━━━━━ The data
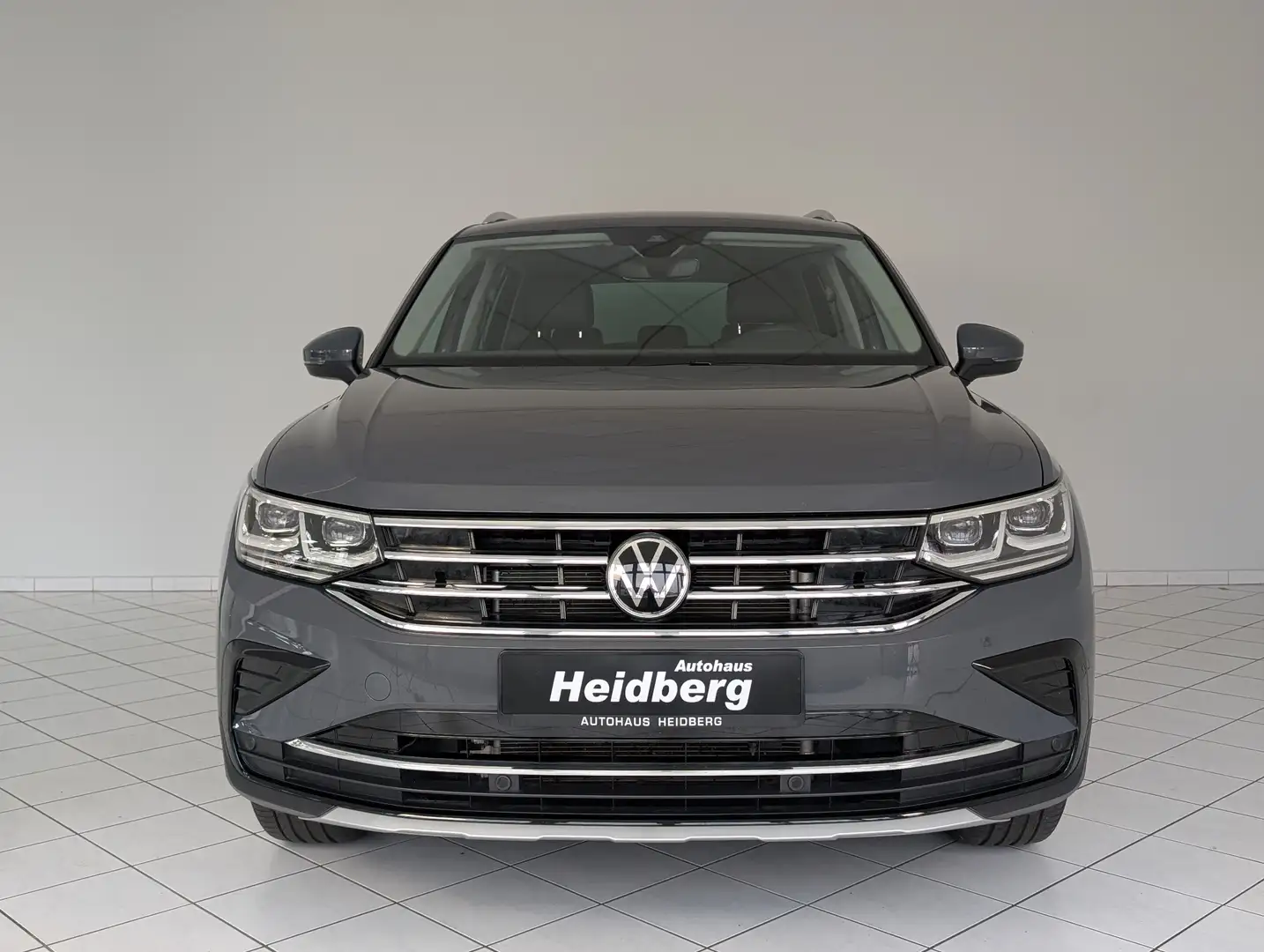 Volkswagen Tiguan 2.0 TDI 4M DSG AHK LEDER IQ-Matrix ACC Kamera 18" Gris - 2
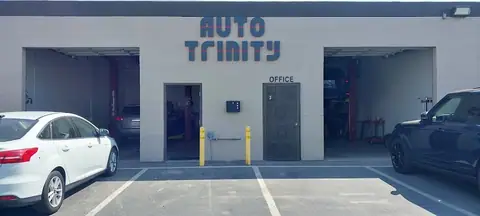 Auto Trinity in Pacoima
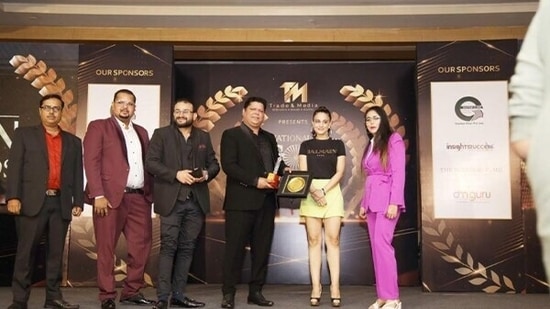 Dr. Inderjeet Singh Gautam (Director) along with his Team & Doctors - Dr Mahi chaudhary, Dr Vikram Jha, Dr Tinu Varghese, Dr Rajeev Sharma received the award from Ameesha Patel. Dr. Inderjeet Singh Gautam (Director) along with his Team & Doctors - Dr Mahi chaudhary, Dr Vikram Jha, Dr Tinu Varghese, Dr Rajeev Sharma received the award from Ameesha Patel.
━━━━━━━━━━
*Directions*. Once the pictures are set aside, output the whole listing exactly.

*Solution*.
 Volkswagen Tiguan 2.0 TDI 4M DSG AHK LEDER IQ-Matrix ACC Kamera 18" Gris - 2
 Auto Trinity in Pacoima
 Dr. Inderjeet Singh Gautam (Director) along with his Team & Doctors - Dr Mahi chaudhary, Dr Vikram Jha, Dr Tinu Varghese, Dr Rajeev Sharma received the award from Ameesha Patel. Dr. Inderjeet Singh Gautam (Director) along with his Team & Doctors - Dr Mahi chaudhary, Dr Vikram Jha, Dr Tinu Varghese, Dr Rajeev Sharma received the award from Ameesha Patel.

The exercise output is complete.